Once upon a Christmas, Santa brought me my first camera, a Kodak Brownie Starmite. I’m not certain what it was about photography that captured my attention when I was so young, but it has been a lifelong passion. The challenge, from the beginning, was not to just snap pictures but to communicate an emotion – a feeling.
That camera was set aside for the teenage years of 110s – which was never satisfactory. My first 35mm, Pentax K1000, opened a whole new world to me. I was intent upon learning to master a manual camera. Before long I discovered Ansel Adams and I was fascinated by his work, especially his Zone System. I began to understand how to play with light to communicate the message I had in mind.
So this is the beginning – a love of photography. A fascination with the art and the science that goes into creating an image that evokes feeling. But how did this turn into elizad.com?
When I moved into digital photography (a bit reluctantly) I needed to learn Photoshop. I began working with vintage photographs as a way to learn how to manipulate images within Photoshop. Before long, people began to ask me to work on their vintage images and I fell in love with their stories. I realized that recovering their images recovered their stories.

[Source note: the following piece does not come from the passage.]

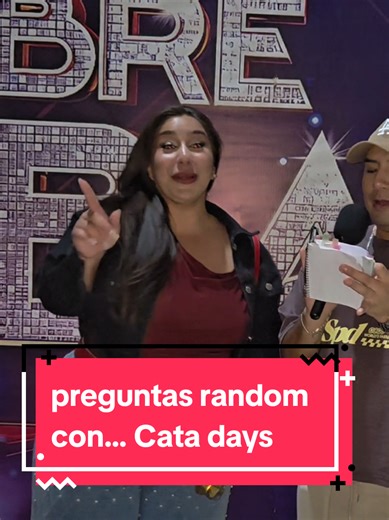 Preguntas Random con Cata Days: ¡Diversión Asegurada!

At about the same time, we learned that my father-in-law suffered from dementia. It was progressing rapidly and as I watched him I realized that not only is photography both an art and a science, not only is restoring a vintage photograph both an art and a science but there is also an art and science involved with retrieving the memories stored in our brains.
In order to preserve memories and tell our life stories, I quickly realized that capturing moments through photography was not quite enough. Those images needed to be shared, displayed, bound into books, presented in some way so that they are accessible, retrievable. Providing photos for my father-in-law was almost like providing the memories he was losing.
Now my mother-in-law is in her final stage of dementia and the message is as poignant today as it was when I wrote my first post. Our memories are fragile. Our photographs capture the moments we don’t want to forget. Guard those memories. Share those memories. Tell your stories. There is an Art of Recollection.